What you will do
Restate word for word the lines of the material below, from the line with "Boho Leopard Print" to the line with "Asfalt na zimno", both lines included, and no others.

Available data
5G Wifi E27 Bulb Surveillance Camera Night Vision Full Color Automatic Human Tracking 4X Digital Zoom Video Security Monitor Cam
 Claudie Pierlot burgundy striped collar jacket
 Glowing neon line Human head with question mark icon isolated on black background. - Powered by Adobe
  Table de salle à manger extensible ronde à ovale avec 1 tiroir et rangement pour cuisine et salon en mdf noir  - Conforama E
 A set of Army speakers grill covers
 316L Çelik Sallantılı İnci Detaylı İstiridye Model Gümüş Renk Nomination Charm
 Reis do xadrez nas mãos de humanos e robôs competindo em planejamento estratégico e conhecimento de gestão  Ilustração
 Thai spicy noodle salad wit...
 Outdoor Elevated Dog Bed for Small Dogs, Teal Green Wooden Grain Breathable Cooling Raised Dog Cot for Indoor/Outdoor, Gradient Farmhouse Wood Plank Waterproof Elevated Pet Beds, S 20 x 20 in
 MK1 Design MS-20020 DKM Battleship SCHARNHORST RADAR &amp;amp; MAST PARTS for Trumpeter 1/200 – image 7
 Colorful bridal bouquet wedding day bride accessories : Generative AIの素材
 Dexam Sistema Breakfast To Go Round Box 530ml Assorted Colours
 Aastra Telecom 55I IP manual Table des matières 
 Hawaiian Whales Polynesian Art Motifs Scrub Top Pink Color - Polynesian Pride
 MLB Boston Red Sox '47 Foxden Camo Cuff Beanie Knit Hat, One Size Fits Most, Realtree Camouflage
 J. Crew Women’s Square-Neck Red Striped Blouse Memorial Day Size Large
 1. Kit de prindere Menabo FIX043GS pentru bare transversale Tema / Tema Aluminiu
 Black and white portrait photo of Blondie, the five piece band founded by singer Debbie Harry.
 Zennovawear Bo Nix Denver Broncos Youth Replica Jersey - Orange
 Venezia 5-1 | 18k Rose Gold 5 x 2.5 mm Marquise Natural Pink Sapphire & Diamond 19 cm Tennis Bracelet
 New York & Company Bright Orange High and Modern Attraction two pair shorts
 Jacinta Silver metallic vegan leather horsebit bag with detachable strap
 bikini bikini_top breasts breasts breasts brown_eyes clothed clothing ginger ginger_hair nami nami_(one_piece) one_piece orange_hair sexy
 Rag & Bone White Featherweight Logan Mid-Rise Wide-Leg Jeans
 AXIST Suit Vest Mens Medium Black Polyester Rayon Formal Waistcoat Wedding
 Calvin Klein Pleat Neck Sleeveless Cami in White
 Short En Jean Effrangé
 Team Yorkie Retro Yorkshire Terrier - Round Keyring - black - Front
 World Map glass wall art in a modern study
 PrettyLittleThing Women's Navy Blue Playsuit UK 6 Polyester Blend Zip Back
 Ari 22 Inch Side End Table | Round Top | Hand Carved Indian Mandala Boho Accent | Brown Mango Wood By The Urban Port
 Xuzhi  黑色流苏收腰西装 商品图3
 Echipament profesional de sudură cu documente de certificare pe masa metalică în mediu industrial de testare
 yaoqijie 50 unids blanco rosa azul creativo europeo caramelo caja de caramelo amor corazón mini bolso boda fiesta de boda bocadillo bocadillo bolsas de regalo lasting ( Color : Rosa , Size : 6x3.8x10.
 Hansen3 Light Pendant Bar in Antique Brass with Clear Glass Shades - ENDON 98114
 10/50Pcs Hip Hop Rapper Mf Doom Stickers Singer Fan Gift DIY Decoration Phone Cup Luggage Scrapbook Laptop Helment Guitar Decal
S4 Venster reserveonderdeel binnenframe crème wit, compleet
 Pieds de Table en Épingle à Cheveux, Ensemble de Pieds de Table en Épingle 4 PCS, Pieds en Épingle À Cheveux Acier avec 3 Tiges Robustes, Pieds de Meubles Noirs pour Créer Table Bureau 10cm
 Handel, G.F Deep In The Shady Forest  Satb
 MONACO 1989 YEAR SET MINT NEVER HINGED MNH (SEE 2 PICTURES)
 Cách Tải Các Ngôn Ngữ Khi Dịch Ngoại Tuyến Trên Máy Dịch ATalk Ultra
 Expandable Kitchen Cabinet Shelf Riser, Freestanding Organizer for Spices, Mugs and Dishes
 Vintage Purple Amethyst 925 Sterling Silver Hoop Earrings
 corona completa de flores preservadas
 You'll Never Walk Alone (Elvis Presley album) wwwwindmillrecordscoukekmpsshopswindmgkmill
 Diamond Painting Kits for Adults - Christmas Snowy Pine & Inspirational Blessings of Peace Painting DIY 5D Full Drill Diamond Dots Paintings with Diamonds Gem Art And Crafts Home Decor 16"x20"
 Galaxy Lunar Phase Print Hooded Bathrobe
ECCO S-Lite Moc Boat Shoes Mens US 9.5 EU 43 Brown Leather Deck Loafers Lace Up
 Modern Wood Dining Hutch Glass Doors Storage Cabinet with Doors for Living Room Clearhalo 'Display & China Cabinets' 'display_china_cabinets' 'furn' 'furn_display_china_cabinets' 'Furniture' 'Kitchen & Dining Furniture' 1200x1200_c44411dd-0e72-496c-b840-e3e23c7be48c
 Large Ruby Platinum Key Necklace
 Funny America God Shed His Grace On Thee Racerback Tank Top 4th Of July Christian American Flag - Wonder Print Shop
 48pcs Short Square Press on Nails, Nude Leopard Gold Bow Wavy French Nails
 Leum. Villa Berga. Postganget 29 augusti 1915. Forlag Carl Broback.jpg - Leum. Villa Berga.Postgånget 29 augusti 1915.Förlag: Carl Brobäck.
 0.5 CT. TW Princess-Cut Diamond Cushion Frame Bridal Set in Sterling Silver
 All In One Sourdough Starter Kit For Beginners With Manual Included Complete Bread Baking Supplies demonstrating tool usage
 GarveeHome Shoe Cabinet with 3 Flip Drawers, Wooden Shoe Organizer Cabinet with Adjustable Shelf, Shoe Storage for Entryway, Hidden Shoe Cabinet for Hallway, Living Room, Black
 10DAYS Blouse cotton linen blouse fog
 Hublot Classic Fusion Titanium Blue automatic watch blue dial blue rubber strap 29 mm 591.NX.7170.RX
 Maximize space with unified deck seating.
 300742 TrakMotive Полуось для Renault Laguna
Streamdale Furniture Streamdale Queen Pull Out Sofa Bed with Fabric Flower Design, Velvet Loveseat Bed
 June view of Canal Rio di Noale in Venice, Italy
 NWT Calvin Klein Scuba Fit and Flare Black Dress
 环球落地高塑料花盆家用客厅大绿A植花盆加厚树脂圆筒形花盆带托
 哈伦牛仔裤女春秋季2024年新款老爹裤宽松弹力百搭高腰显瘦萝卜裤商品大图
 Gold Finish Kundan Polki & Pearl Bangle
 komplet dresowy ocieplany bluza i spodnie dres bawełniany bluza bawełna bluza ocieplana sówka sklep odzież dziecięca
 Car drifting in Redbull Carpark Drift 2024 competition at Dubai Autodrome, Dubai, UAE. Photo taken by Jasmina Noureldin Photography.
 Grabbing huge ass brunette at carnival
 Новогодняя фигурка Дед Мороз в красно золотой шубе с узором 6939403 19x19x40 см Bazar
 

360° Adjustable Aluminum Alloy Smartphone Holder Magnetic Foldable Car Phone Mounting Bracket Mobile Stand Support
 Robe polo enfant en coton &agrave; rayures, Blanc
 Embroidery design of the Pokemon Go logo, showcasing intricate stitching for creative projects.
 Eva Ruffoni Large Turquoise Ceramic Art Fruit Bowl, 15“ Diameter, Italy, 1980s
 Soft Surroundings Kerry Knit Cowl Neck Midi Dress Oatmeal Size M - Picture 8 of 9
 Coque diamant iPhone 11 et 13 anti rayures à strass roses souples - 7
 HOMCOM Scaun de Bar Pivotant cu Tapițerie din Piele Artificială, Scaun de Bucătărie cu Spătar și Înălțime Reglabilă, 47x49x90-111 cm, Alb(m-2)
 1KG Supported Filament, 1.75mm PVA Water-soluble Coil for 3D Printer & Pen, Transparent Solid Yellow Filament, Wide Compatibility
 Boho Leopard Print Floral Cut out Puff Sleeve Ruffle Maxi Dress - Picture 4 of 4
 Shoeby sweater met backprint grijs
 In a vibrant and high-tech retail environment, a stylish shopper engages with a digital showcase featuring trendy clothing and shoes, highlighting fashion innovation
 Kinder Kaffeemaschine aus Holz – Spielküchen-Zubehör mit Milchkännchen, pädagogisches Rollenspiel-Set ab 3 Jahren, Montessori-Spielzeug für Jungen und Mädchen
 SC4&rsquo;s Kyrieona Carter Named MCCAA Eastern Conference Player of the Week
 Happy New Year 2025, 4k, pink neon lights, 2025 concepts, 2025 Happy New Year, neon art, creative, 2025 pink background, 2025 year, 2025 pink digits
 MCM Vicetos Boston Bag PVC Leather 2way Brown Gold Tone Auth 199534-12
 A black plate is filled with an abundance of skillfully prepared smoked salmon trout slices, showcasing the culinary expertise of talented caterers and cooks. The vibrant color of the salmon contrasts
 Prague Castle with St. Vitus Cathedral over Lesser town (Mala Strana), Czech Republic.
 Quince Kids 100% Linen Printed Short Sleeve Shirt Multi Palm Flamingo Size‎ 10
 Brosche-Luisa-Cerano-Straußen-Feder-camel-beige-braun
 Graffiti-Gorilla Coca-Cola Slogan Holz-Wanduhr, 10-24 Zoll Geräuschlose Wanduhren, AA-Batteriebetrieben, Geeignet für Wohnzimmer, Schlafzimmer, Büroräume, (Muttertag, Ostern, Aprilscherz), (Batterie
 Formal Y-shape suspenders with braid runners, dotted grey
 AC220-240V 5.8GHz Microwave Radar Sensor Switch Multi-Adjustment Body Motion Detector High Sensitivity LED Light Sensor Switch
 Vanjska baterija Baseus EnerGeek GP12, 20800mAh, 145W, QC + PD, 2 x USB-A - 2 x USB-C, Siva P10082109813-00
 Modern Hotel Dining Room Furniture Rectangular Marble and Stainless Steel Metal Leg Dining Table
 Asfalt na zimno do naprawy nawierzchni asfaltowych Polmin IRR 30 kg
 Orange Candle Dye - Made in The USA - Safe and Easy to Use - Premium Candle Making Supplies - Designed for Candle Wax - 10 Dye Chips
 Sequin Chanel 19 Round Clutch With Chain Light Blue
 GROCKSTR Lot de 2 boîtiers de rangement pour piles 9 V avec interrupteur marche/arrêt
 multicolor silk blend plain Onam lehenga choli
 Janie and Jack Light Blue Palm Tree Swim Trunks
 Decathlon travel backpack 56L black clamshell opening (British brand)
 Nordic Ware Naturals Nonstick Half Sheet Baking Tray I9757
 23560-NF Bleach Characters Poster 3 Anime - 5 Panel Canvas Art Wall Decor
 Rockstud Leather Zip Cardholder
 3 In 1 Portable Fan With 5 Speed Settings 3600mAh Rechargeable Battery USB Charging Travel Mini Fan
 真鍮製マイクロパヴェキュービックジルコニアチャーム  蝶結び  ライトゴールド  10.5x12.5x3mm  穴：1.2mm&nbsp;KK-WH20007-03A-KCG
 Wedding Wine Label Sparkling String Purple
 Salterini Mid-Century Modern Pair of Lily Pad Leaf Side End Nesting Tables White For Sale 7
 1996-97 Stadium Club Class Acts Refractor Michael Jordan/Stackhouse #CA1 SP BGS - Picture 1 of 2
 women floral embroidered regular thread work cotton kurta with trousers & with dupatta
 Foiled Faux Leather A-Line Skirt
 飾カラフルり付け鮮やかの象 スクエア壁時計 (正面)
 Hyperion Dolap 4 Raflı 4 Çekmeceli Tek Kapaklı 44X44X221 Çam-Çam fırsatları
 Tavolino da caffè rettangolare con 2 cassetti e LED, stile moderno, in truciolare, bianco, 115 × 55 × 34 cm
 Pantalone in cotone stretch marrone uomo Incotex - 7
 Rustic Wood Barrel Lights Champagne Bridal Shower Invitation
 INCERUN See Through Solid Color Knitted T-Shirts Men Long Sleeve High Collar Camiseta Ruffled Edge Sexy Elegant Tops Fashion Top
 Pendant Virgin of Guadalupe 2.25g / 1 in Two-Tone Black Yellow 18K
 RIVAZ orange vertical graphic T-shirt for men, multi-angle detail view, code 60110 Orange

Written answer
 Boho Leopard Print Floral Cut out Puff Sleeve Ruffle Maxi Dress - Picture 4 of 4
 Shoeby sweater met backprint grijs
 In a vibrant and high-tech retail environment, a stylish shopper engages with a digital showcase featuring trendy clothing and shoes, highlighting fashion innovation
 Kinder Kaffeemaschine aus Holz – Spielküchen-Zubehör mit Milchkännchen, pädagogisches Rollenspiel-Set ab 3 Jahren, Montessori-Spielzeug für Jungen und Mädchen
 SC4&rsquo;s Kyrieona Carter Named MCCAA Eastern Conference Player of the Week
 Happy New Year 2025, 4k, pink neon lights, 2025 concepts, 2025 Happy New Year, neon art, creative, 2025 pink background, 2025 year, 2025 pink digits
 MCM Vicetos Boston Bag PVC Leather 2way Brown Gold Tone Auth 199534-12
 A black plate is filled with an abundance of skillfully prepared smoked salmon trout slices, showcasing the culinary expertise of talented caterers and cooks. The vibrant color of the salmon contrasts
 Prague Castle with St. Vitus Cathedral over Lesser town (Mala Strana), Czech Republic.
 Quince Kids 100% Linen Printed Short Sleeve Shirt Multi Palm Flamingo Size‎ 10
 Brosche-Luisa-Cerano-Straußen-Feder-camel-beige-braun
 Graffiti-Gorilla Coca-Cola Slogan Holz-Wanduhr, 10-24 Zoll Geräuschlose Wanduhren, AA-Batteriebetrieben, Geeignet für Wohnzimmer, Schlafzimmer, Büroräume, (Muttertag, Ostern, Aprilscherz), (Batterie
 Formal Y-shape suspenders with braid runners, dotted grey
 AC220-240V 5.8GHz Microwave Radar Sensor Switch Multi-Adjustment Body Motion Detector High Sensitivity LED Light Sensor Switch
 Vanjska baterija Baseus EnerGeek GP12, 20800mAh, 145W, QC + PD, 2 x USB-A - 2 x USB-C, Siva P10082109813-00
 Modern Hotel Dining Room Furniture Rectangular Marble and Stainless Steel Metal Leg Dining Table
 Asfalt na zimno do naprawy nawierzchni asfaltowych Polmin IRR 30 kg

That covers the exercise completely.